Глава 16
Как известно, II съезд партии намечался на июль 1903 г.; но пока суд да дело, так называемые «передовые люди планеты» все делили власть и влияние друг на друга, своих сотоварищей и на представителей разных партий и группировок. Перетягивание каната бионегативными людьми с комплексом власти будет проходить еще многие годы…
В 1902 г. один из «передовых» — Дейч — задумал провести съезд в Швейцарии, и его поддержали в этом начинании Плеханов и Аксельрод. «Насчет «съезда» в Швейцарии вообще какая-то проклятая путаница выходит, — писал Ильич Крупской из Парижа в июле того года. — Кто это прежде всего придумал съезд? Не мы. Это сочинил, вероятно, Б. Н., которого надо посерьезнее пробрать…; если еще не сделала этого, то, пожалуйста, пробери хорошенько. Я бы думал сам, но тебе, кажется, лучше, а то уж я очень сердит… он неясно себе представляет, из кого, для чего и как будет этот «съезд»…» Разве мог Владимир Ильич представить себе, что еще кто-то претендует на первенство, и что кому-то дадут шанс попробовать выбиться в лидеры? И тут же, возмущаясь, он дает поручение Надежде Константиновне пробрать хорошенько, написав очередную статью от его имени, а то он… сердит; Ильич знает, что Наденька прекрасно справится, на то она и лидер в их революционной ячейке двух совершенно непохожих личностей.
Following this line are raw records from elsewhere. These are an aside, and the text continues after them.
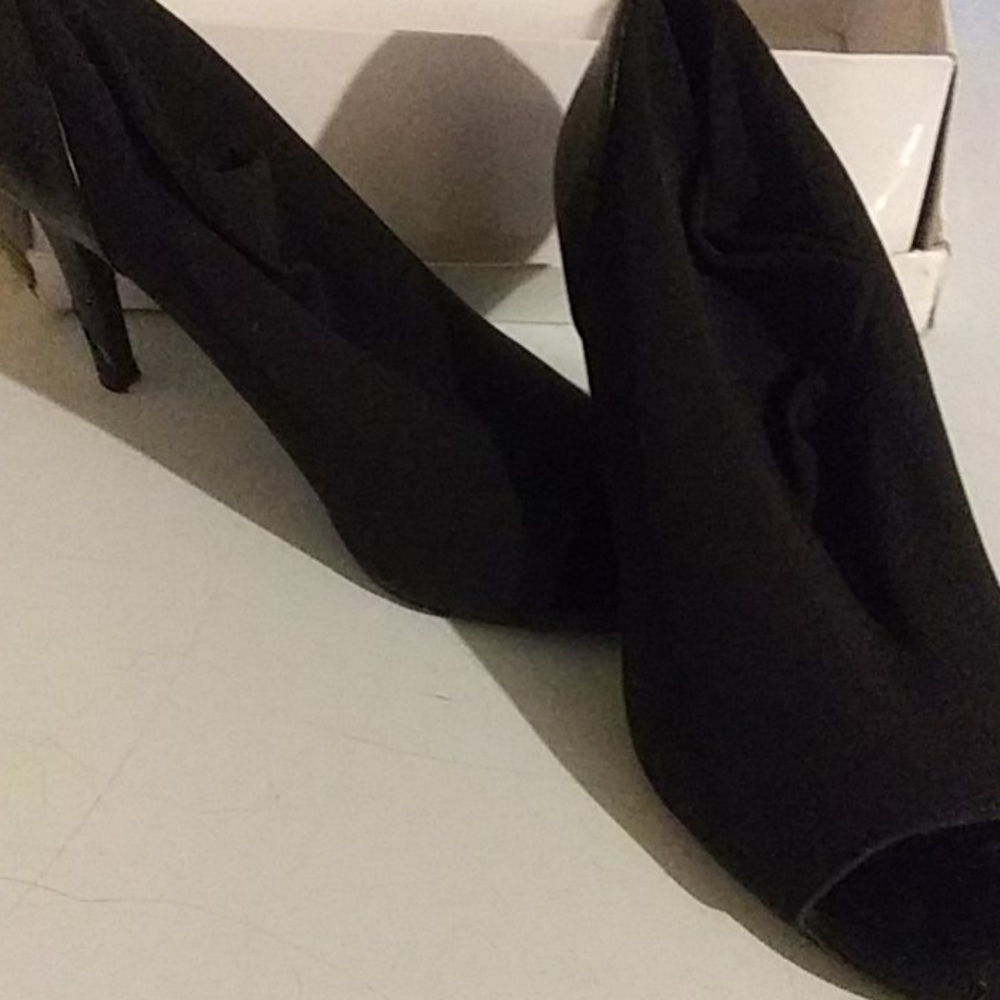 2 Inch Heels. NINE WEST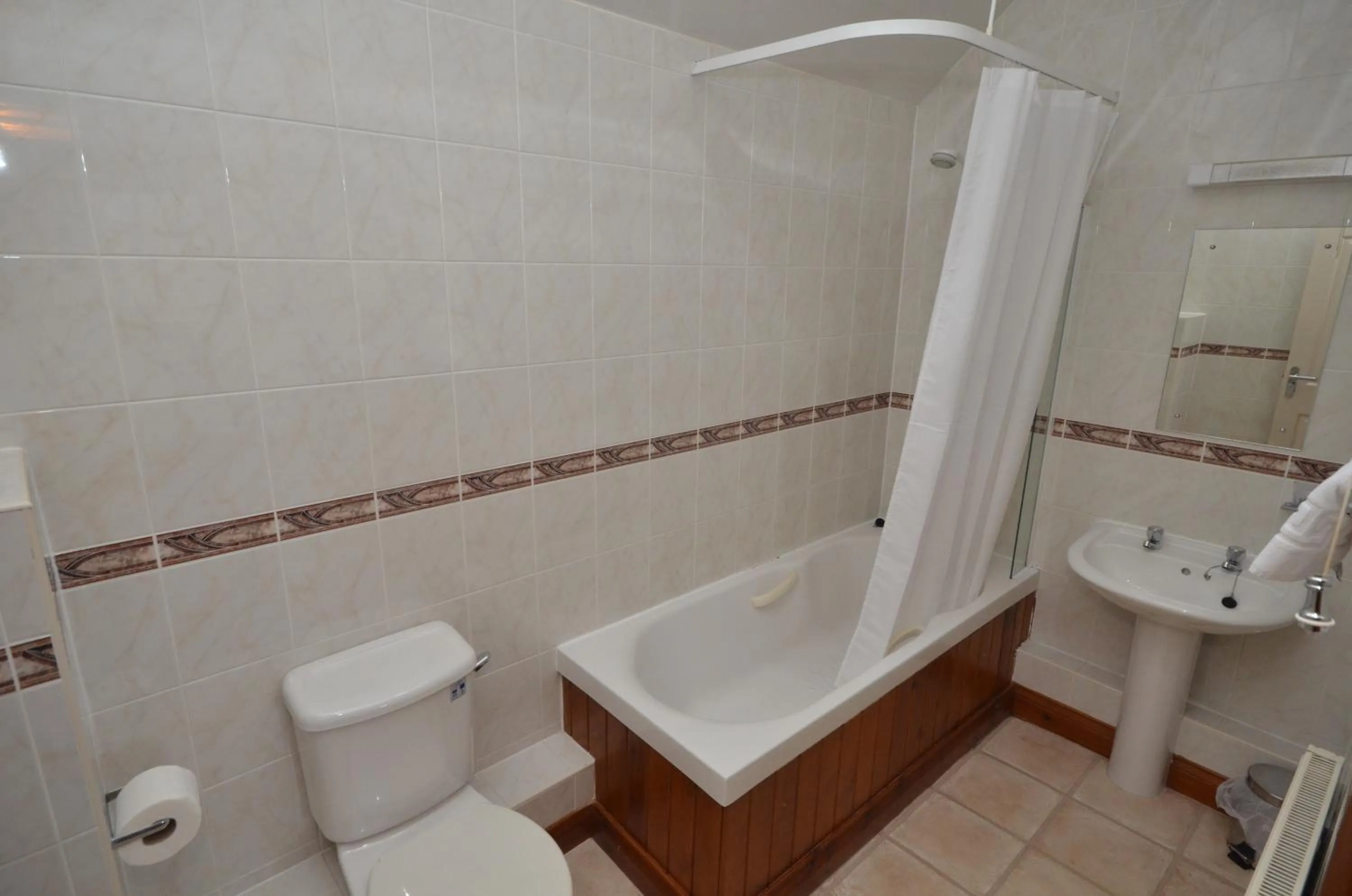 Bathroom in Plawsworth Hall Serviced Cottages and Apartments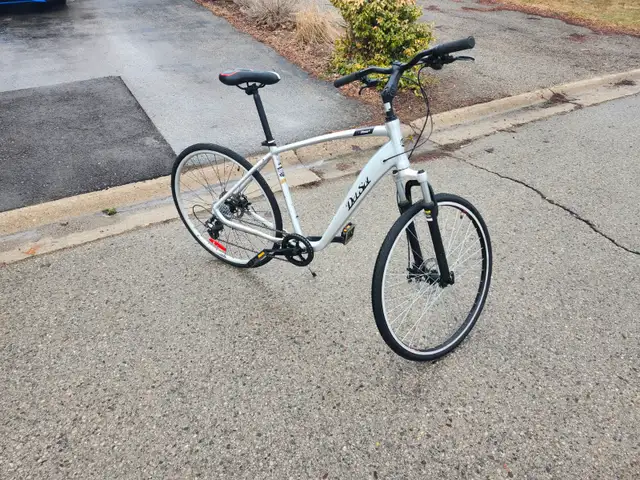 Adult Mountain Bike For Sale - Photo 5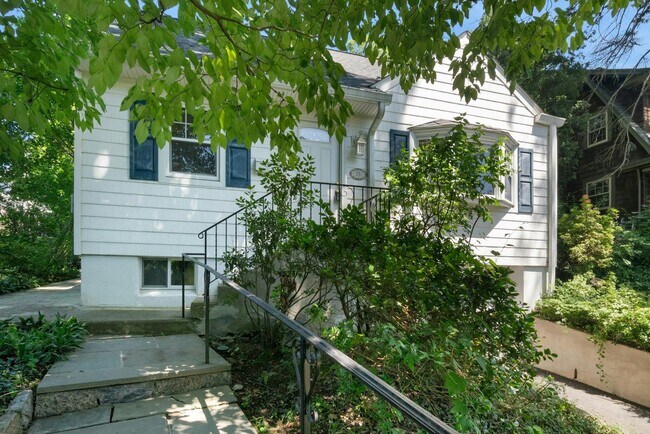 Foto del edificio - 75 Grandview Ave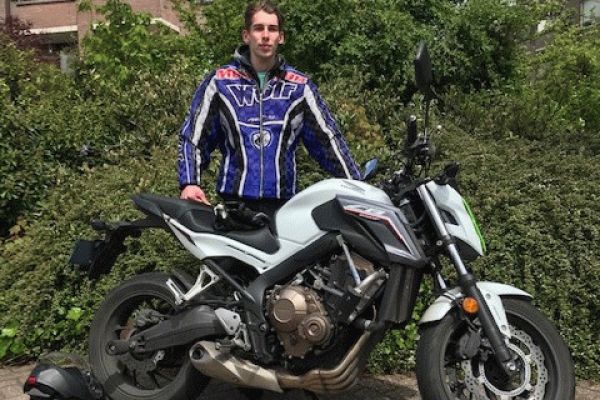Michael uit Hilversum is geslaagd bij MotoJon Motorrijschool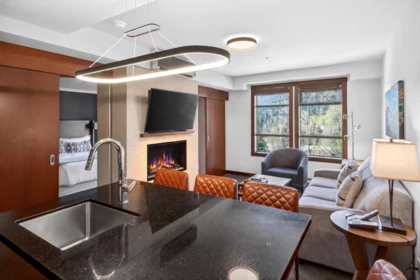 314B 2020 London Lane, Whistler, BC, Whistler — Apartment/Condo for sale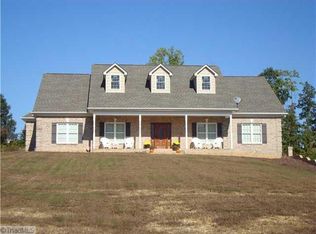 1043 Virginia Farm Rd, King, NC 27021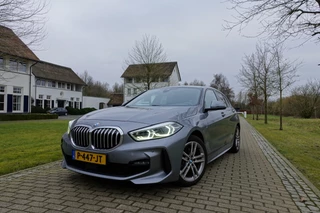 BMW 1 Serie 118i Business Edition M sport | Camera | CarPlay | Stoelverwarming | Navi |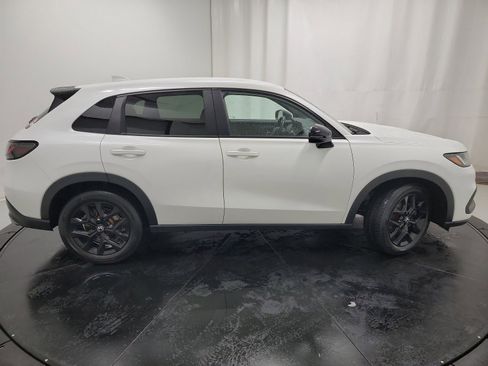 Certified 2023 Honda HR-V Sport image 11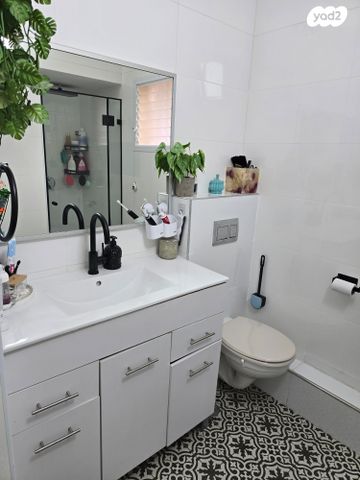 דירה, אחד העם 12, רובע ה', אשדוד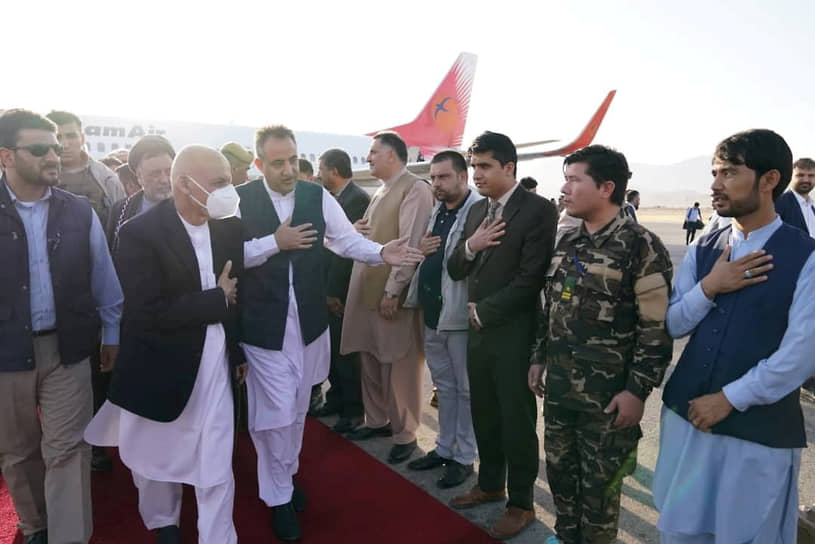Президент Афганистана Ашраф Гани (в центре)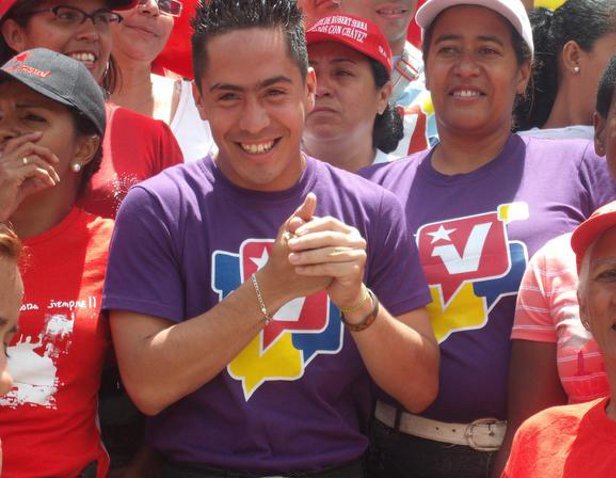 mindeporte_ve's tweet photo. #RobertJuventudLeal más que palabras, más que entrega, simplemente un revolucionario, hijo de Chávez https://t.co/Ejymxm4g2n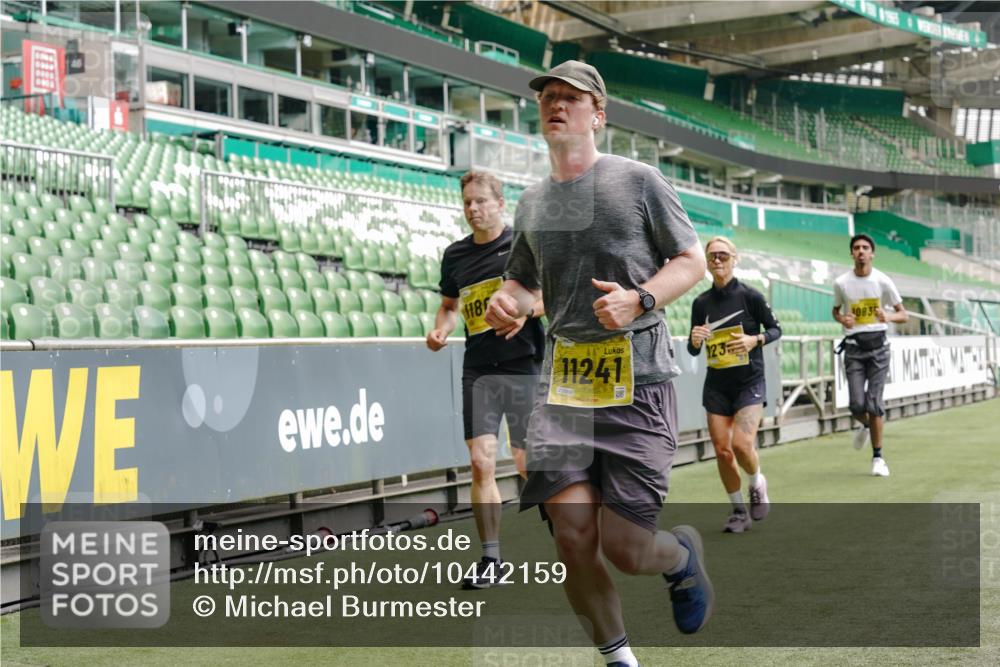 13.09.2026 - 21. swb-Marathon Bremen Michael Burmester http://msf.ph/oto/10442159 13.09.2026 10:28:14 Laufen im Stadion 10096, 10142, 10170, 10172, 10189, 10200, 10223, 10231, 10267, 10269, 10270, 10289, 10293, 10294, 10310, 10316, 10319, 10329, 10348, 10393, 10421, 10489, 10504, 10508, 10514, 10525, 10538, 10544, 10566, 10594, 10628, 10638, 10655, 10709, 10739, 10744, 10770, 10814, 10835, 10846, 10860, 10873, 10876, 10897, 10898, 10910, 10917, 10923, 10956, 10992, 10993, 11005, 11007, 11018, 11035, 11058, 11060, 11063, 11076, 11087, 11092, 11110, 11111, 11148, 11170, 11193 meine-sportfotos.de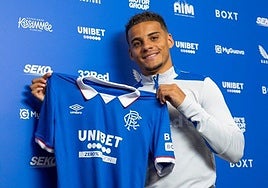 Max Aarons posa con su nueva camiseta.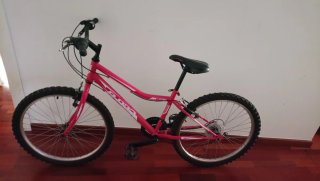 Bicicleta niña rosa B pro montaña
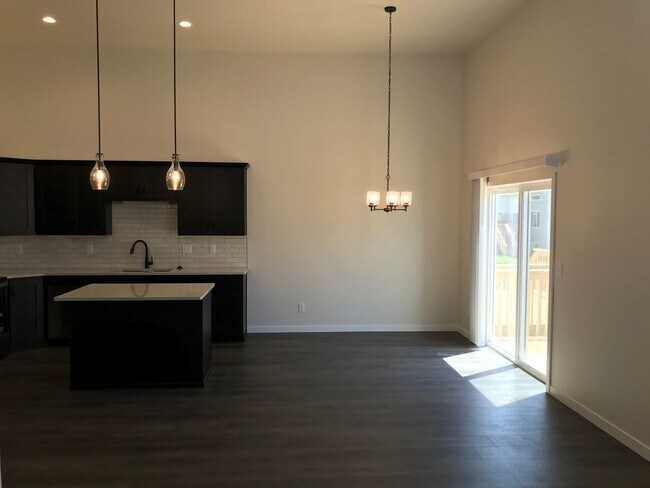 Building Photo - 2148 Allison Ln W
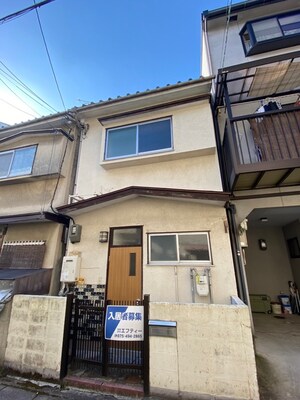 椥辻中在家町貸家外観写真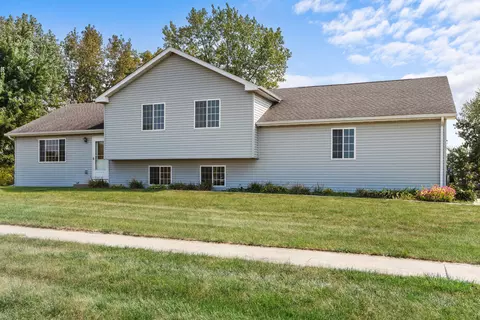810 Sunnyside, Elkhorn, WI 53121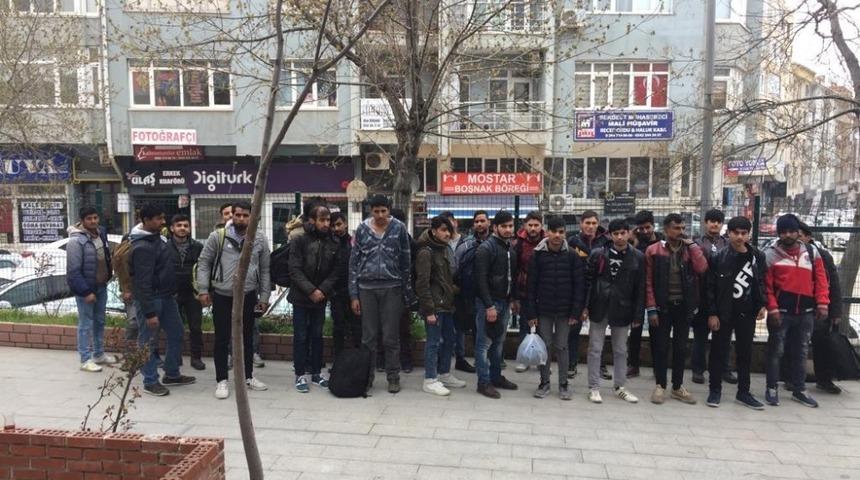 Keşan&rsquo;da 49 ka&ccedil;ak g&ouml;&ccedil;men yakalandı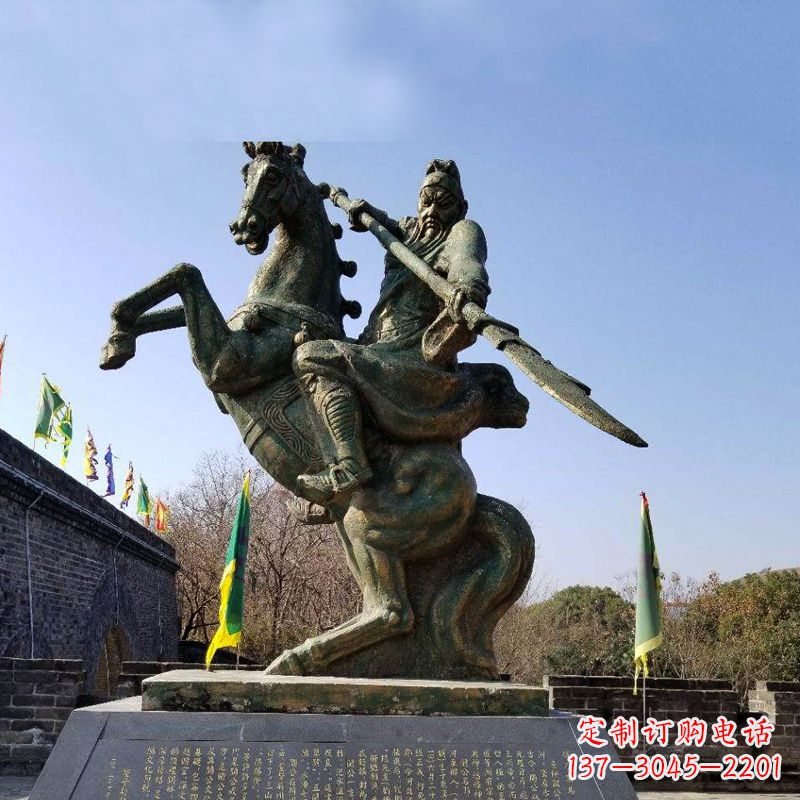 重庆五虎上将关羽骑马舞大刀铜雕景观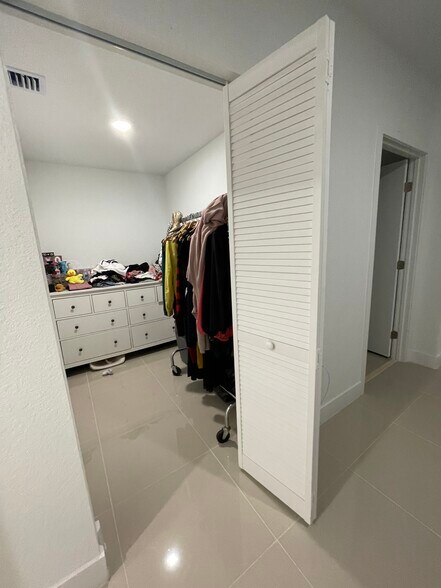 Building Photo - 25887 SW 145th Ave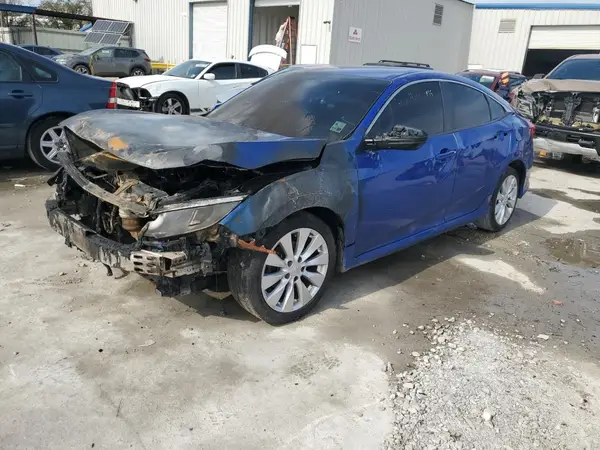 19XFC2F55HE038956 2017 HONDA CIVIC - Image 1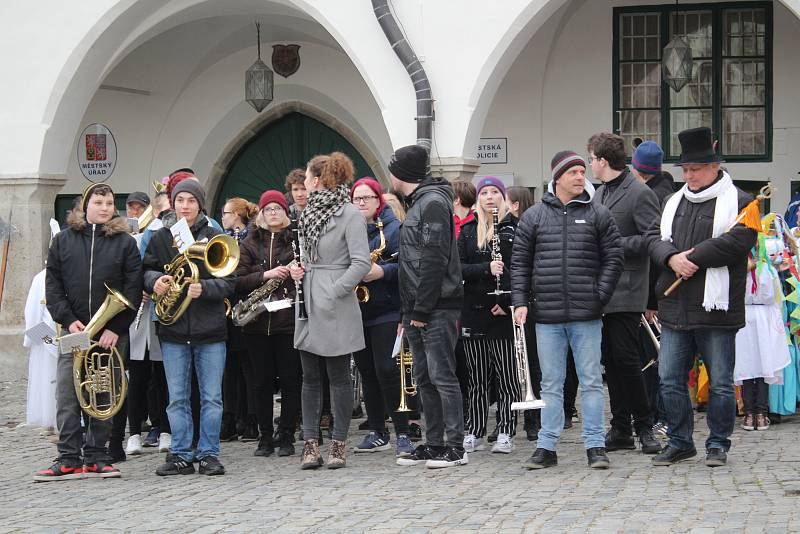 Masopustní průvod v Českém Krumlově se koná v režii Základní umělecké školy.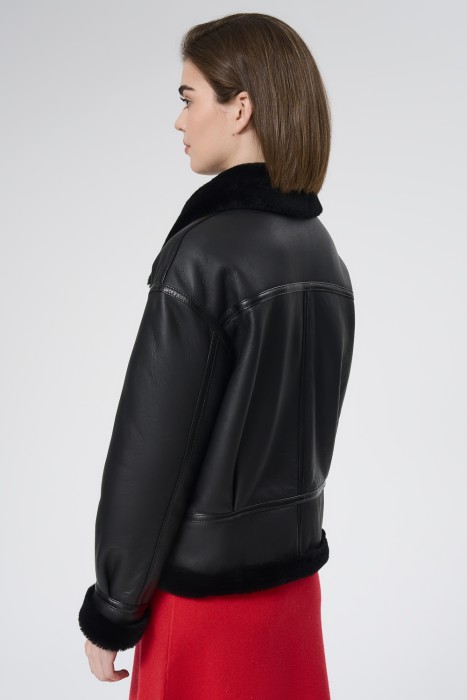 дубленка из овчины по цене 23650 руб вид справа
Упорствовали в своем перетягивании каната лидерства и бундовцы; в июне 1903 г. на своем V съезде Бунд принял специальный устав, определяющий взаимоотношения с РСДРП. «В уставе говорилось, что Бунд есть организация еврейского пролетариата, не ограниченная в своей деятельности какими-либо районными рамками; что Бунд входит в РСДРП как единственный представитель еврейского пролетариата; что РСДРП должна быть построена на принципе федерации двух частей — Бунда и всех остальных нееврейских организаций…» (Сб. «Ленинская «Искра», с. 305). На что В. Ульянов разразился бранью, будто бундовцы «превращают в ничто великий завет (выделено мной. — Авт.) сближения и единения всех пролетариев всех наций, всех рас, всех языков». «Вопрос о месте Бунда в партии, поставленный вторым пунктом повестки дня, занял пять заседаний съезда» (там же, с. 306); всего заседаний было 37.
А теперь заглянем в воспоминания главной героини нашей книги. «Первоначально съезд предполагалось устроить в Брюсселе, там и проходили первые заседания». Живущий в городе старый плехановец Кольцов должен был устроить дело; но «после того как к нему пришло штуки четыре россиян» (выделено мной. — Авт.; так куражится женщина-загадка, очень грамотная и высокообразованная над и не русскими, и не людьми, а… штуками, предметами, исполнителями чужой воли), квартирная хозяйка пригрозила выгнать жильцов, и тогда всех делегатов отправили «в социалистическую гостиницу «Золотой петух» (так она, кажись, называлась)» (и вновь кураж Крупской, невероятное уничижение и в этом «кажись», и в этом адресе «Золотой петух» — очередном местном «вертепе», где собиралась публика нетрадиционной сексуальной ориентации, как сказали бы сегодня).
Уверена, приводимые воспоминания о подготовке и проведении II съезда партии — одни из самых любопытных, оставленных нам этой потрясающей женщиной.
«Делегаты шумным лагерем расположились в этом «Золотом петухе», а Гусев, хватив рюмочку коньяку, таким могучим голосом пел по вечерам оперные партии, что под окнами отеля собиралась толпа (Владимир Ильич любил… особенно «Нас венчали не в церкви»)…». Как вам подобные откровения? — и вновь ребус: «Нас венчали не в церкви», — да вовсе не венчали в сакральном смысле этого великого таинства, а так, отмазку делали…; эх, неплохо проходили съезды под шумок да рюмочку коньяку.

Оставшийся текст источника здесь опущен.